How recession in Canada could impact your work, real estate


Many economists say a light recession is on the playing cards as they look forward to 2023.

Though loads of Canadians keep in mind residing by way of a recession or two, for thousands and thousands of others will probably be the primary main downturn in their grownup lives. Some are in their late 20s, maybe pondering of shopping for a home or already householders. Others are new graduates, getting into rising into aggressive job markets.

The phrase “recession” probably brings to thoughts the upheaval of 2008-09, when the worldwide monetary disaster triggered a seven-month recession in Canada and a prolonged restoration, moderately than the short-lived downturn from the early days of the pandemic.

A recession is normally outlined by two successive quarters of damaging GDP progress. Experts are saying a light recession is the almost definitely state of affairs for 2023, although a extra typical recession isn’t out of the query.

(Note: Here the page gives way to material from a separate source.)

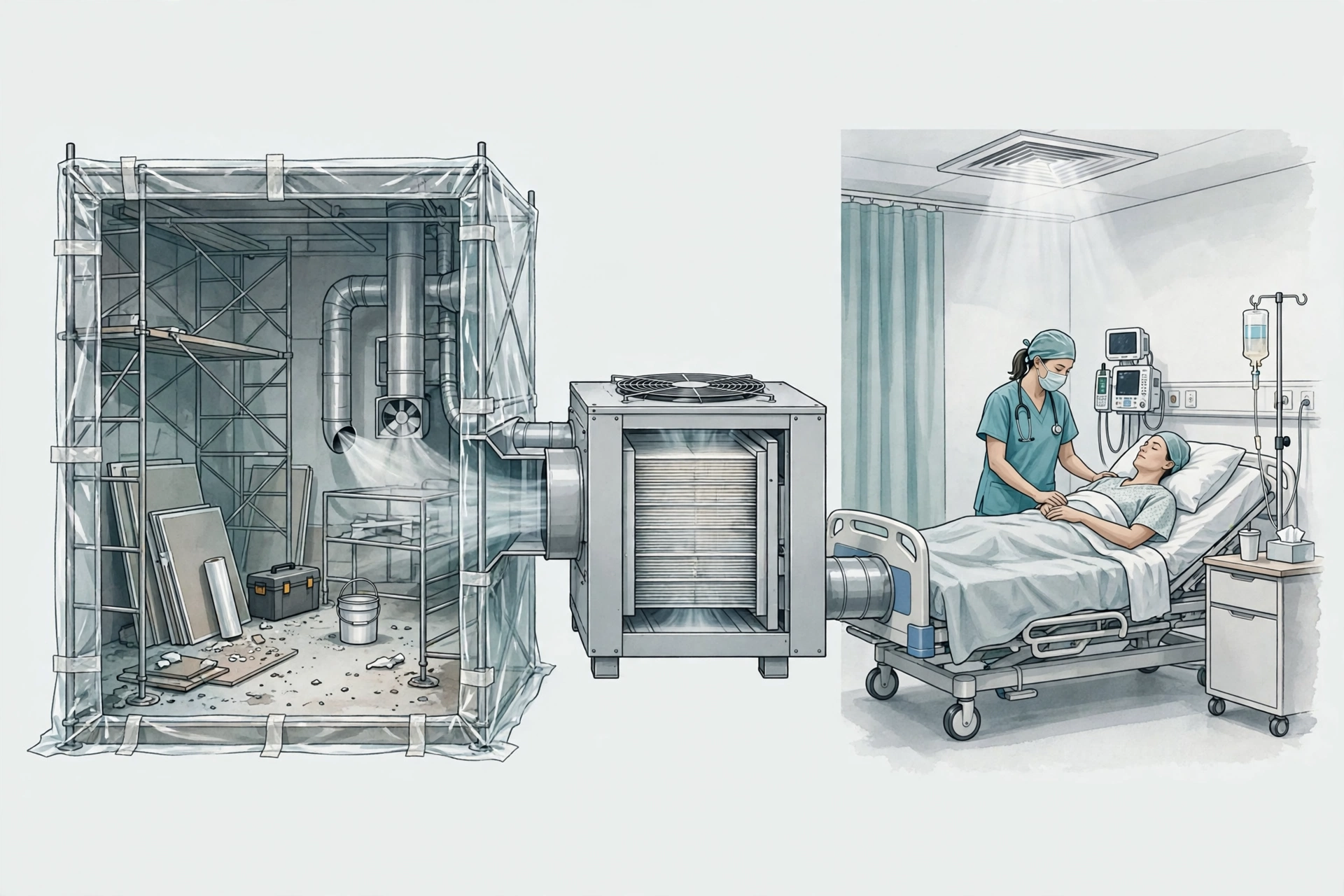 Layered protection around a patient room with construction barrier, negative pressure, and HEPA filtration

No two financial downturns are alike. Here’s how this one could have an effect on you.


Normally central banks slash rates of interest throughout recessions, however that’s unlikely to occur in 2023, mentioned BMO economist Sal Guatieri. The Bank of Canada has made it clear that it’ll proceed to boost charges till it could rein in inflation, which stays effectively above the financial institution’s two per cent goal.

So whereas dwelling costs will probably maintain dropping because the recession additional aggravates downward strain available on the market, the price of borrowing received’t go down with them, Guatieri mentioned.

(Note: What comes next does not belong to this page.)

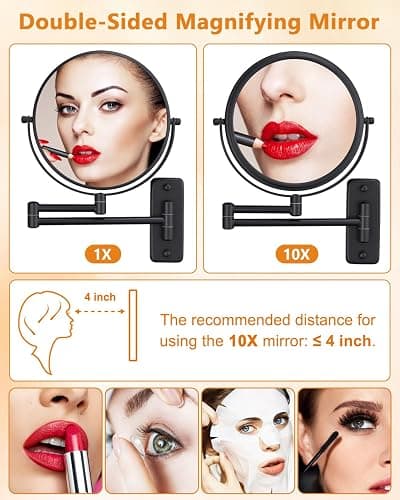 Wall Mounted Makeup Mirror - 1X/10X Magnifying Mirror for Wall, 8 Inch Double Sided 360° Swivel Extendable Bathroom Mirror for Shaving, Black DECLUTTR thumbnail 4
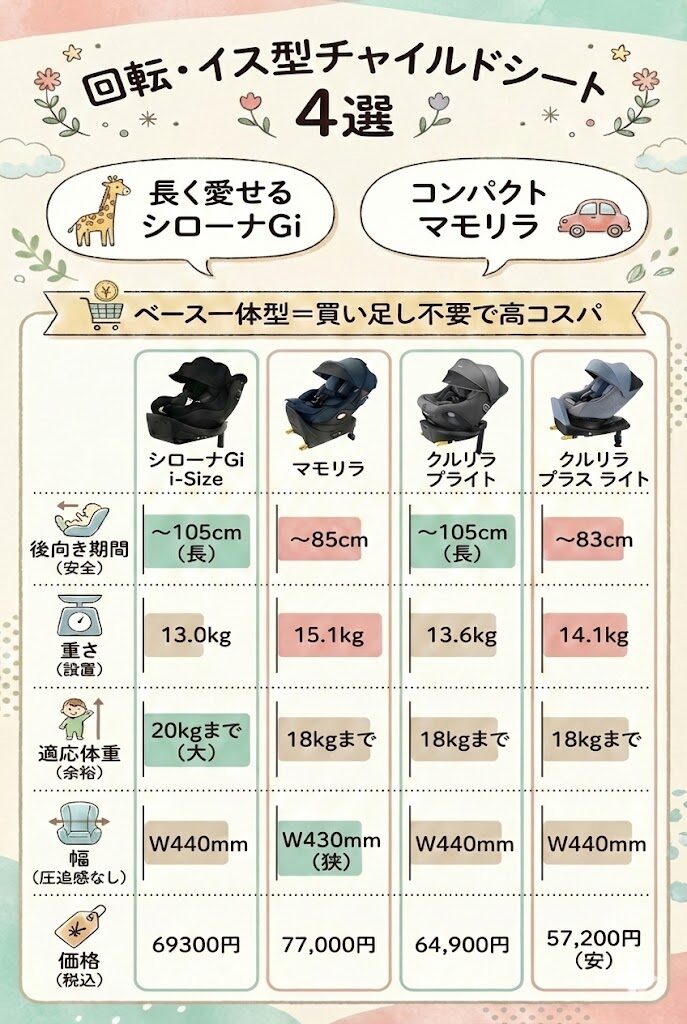 回転式・イス型チャイルドシートの一体型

Anyone set to resume their mortgage in the subsequent yr or extra will probably be in for a nasty bump in their month-to-month funds, mentioned David Macdonald, senior economist on the Canadian Centre for Policy Alternatives.

“Housing is going to become a lot more expensive for most people.”

Some individuals might resolve to carry off on shopping for for the primary time, mentioned Laurie Campbell, director of shopper monetary wellness at Bromwich+Smith.

“That pushes more people into the rental market,” she mentioned, placing upward strain on lease costs.

Though rents have skyrocketed in 2022, recessions usually harm householders greater than renters, mentioned Guatieri, predicting that strain on lease costs will subside in 2023. 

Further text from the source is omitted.